Required work: Your answer should be a single number: how many lines in the data below hold the string "with".

Data block:
________________
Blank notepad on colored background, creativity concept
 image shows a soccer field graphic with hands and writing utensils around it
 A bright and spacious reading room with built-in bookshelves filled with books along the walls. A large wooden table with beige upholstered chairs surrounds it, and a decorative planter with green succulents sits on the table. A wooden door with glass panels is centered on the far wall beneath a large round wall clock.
________________
Task answer: 2